(Material supplied Opens)

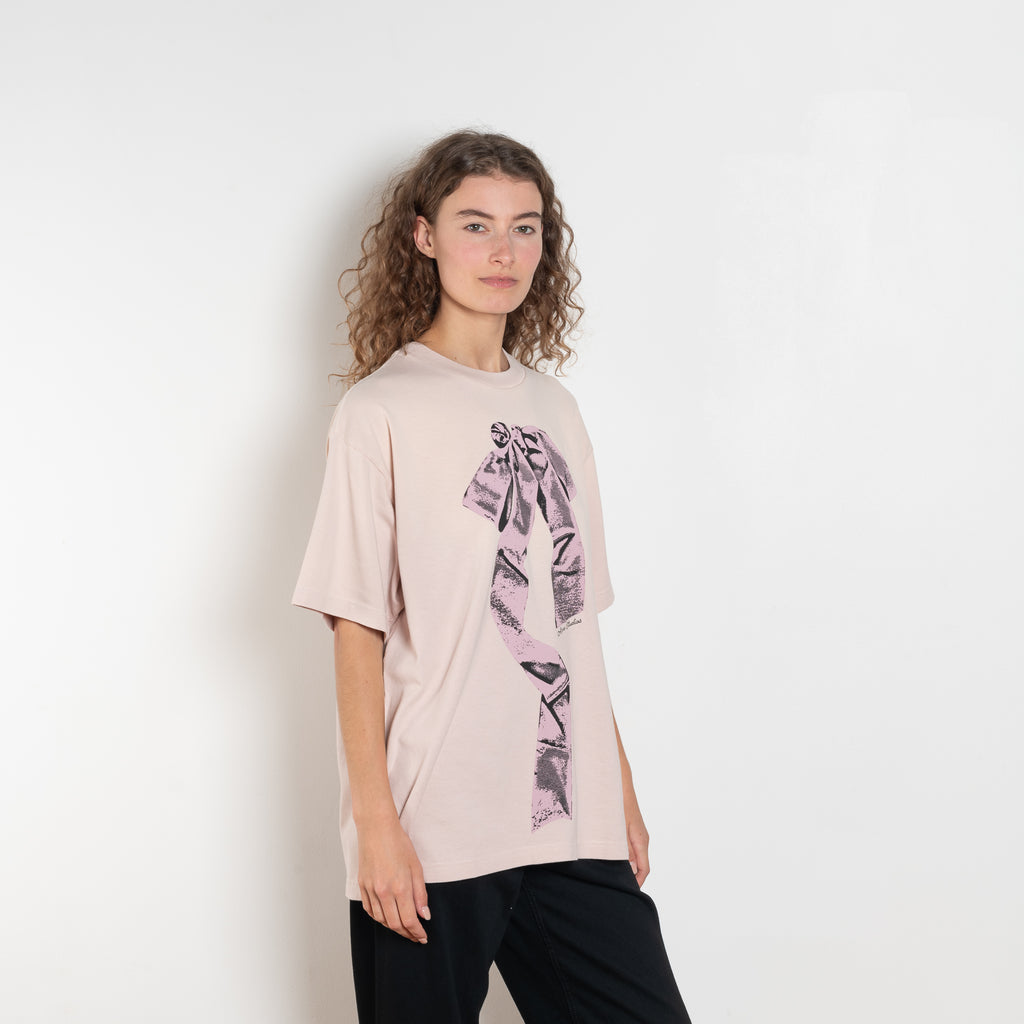 The Loose Print Tshirt by Acne Studios is a crew neck t-shirt made from cotton jersey and created with a slightly vintage textured feel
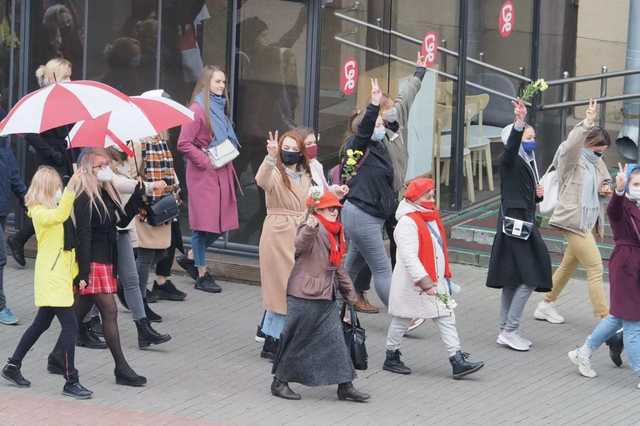 В Минске женщины и студенты вышли на марш: начались задержания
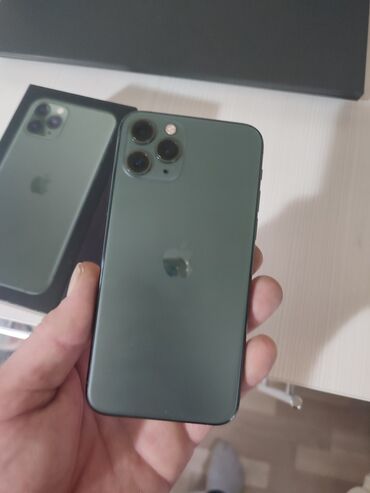 Apple iPhone: IPhone 11 Pro, Б/у, 256 ГБ, Alpine Green, Зарядное устройство, Защитное стекло, Чехол, 85 %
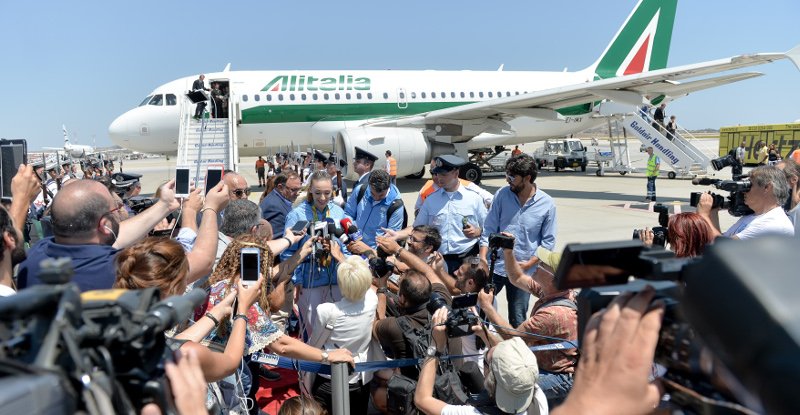 Στην Ελλάδα η χρυσή Ολυμπιονίκης Αννα Κορακάκη -Αποθέωση στο Ελ.Βενιζέλος | iefimerida.gr 1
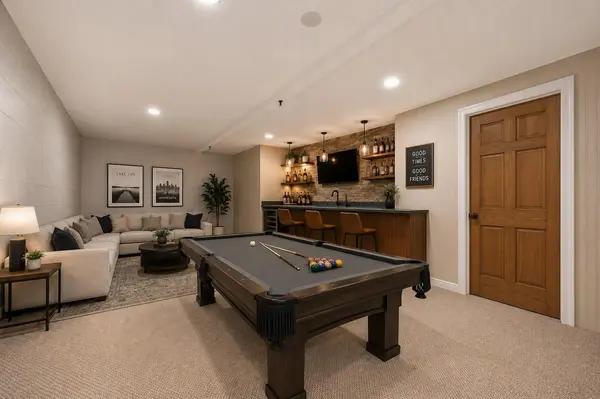 7807 W 110th ST, Bloomington, MN 55438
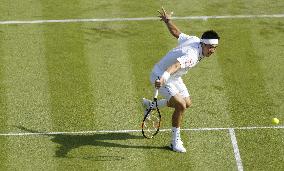 Nishikori beats Bolelli in 5-set Wimbledon opener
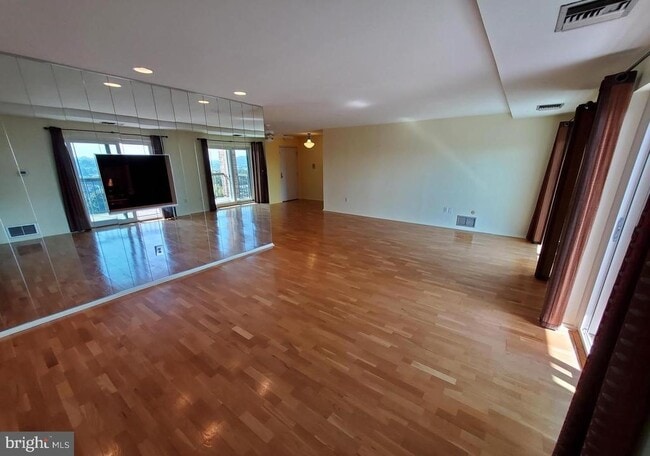 Photo - 1375 Pershing Blvd Unit 810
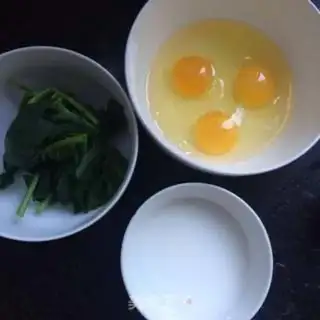 Make A spinach egg step 2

(Material supplied Closes)

• _What is being asked_
Please return the full listing word for word, but without any pictures.

• _The answer_
 The Loose Print Tshirt by Acne Studios is a crew neck t-shirt made from cotton jersey and created with a slightly vintage textured feel
 В Минске женщины и студенты вышли на марш: начались задержания
 Apple iPhone: IPhone 11 Pro, Б/у, 256 ГБ, Alpine Green, Зарядное устройство, Защитное стекло, Чехол, 85 %
 Στην Ελλάδα η χρυσή Ολυμπιονίκης Αννα Κορακάκη -Αποθέωση στο Ελ.Βενιζέλος | iefimerida.gr 1
 7807 W 110th ST, Bloomington, MN 55438
 Nishikori beats Bolelli in 5-set Wimbledon opener
 Photo - 1375 Pershing Blvd Unit 810
 Make A spinach egg step 2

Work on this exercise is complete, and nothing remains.